Nowadays, in IVF process, it is not unusual to find a large number of good quality embryos on the day of the embryo transfer. For the fresh transfer the better morphological / kinetic embryos are selected and ‘the rest’ of good quality can be frozen for future treatments.

Cryopreserved embryo transfer is a simple treatment that has many advantages:

  • The required treatment for women is very simple and takes little time (ovarian stimulation and egg retrieval are not necessary), we just have to prepare the endometrium and by ultrasound we show the correct time for the transfer. The visits to the fertility clinic will be reduced significantly.
  • The cost of treatment is much lower.

When

  • The fresh embryo transfer did not result in a pregnancy.
  • The couple wants a new child.

Phases

The treatment of cryopreserved embryo transfer comprises the following stages:

Preparation of the endometrium
When the woman menstruation arrives we will begin the treatment with estrogens, with increasing doses to achieve adequate endometrial thickness, which will be assessed by vaginal ultrasound. Once grown the endometrium, the thawing of embryos and their transfer can be done. To facilitate embryo implantation progesterone will be vaginally administered.
Thawing of embryos
At VITA, we have the infrastructure and the specialized team necessary to perform embryo cryopreservation using the latest techniques (vitrification). The vitrified embryos are stored in suitable tanks containing liquid nitrogen and kept at the temperature of 196 ° C.
Embryo transfer
Is a process that involves passing a temperature of -196 ° C to body temperature of 37 ° C. In addition, the embryos are incubated with specific means, the cryoprotectants are being replaced in substances used for freezing, thereby producing cellular rehydration and embryo biological functions are reactivated.
Pregnancy test

The pregnancy test will be done trough a blood test 13 days after the follicular punction.

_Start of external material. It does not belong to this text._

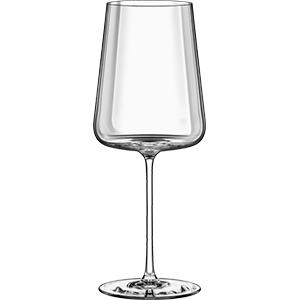 Бокал для вина «Мод»; хрустальное стекло; 680мл; D=98,H=250мм; прозрачный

If the patient has lost blood before undergoing the test it is important to never leave the medication and to contact the medical team for advice. Throughout treatment, your personal assistant will be available at all times to resolverle doubts that you may have and support you in this special moment.

Fertility clinics in Spain

Medical Team

Susana Sempere - Gynaecology

Dr. Susana Sempere Ferri

Antonio Moya - Reproductive Medicine

Dr. Antonio Moya

Eva Moreno

Dr. Eva María Moreno Ruiz

Jose Manuel Lozano - Gynaecology

Dr. Jose Manuel Lozano

Romina Ramírez - Gynaecology

Dr. Romina Ramírez Melguizo

You know what…

  • Currently, about 40% of patients who undergo a cycle of IVF embryos have frozen embryos.
  • The degree of success in assisted reproduction of this technique  highly dependent on the quality of embryos when they are frozen. With vitrification techniques, embryo survival rates range from 80-90% and pregnancy chances are higher than 35%.
  • Thanks to advances in the techniques of freezing and thawing of embryos (vitrification), the frozen embryo transfer is a very good option to achieve pregnancy. The cumulative pregnancy rates (fresh transfer and frozen embryo transfer) per cycle are higher than 65%.
  • If your gynecologist does not recommend it, it is not necessary to rest after the transfer. There are no studies showing that rest increases the chance of pregnancy. Usually after the transfer, the patient wait about an hour in the room of the assisted reproduction center. Then, once home, the woman can resume her normal life.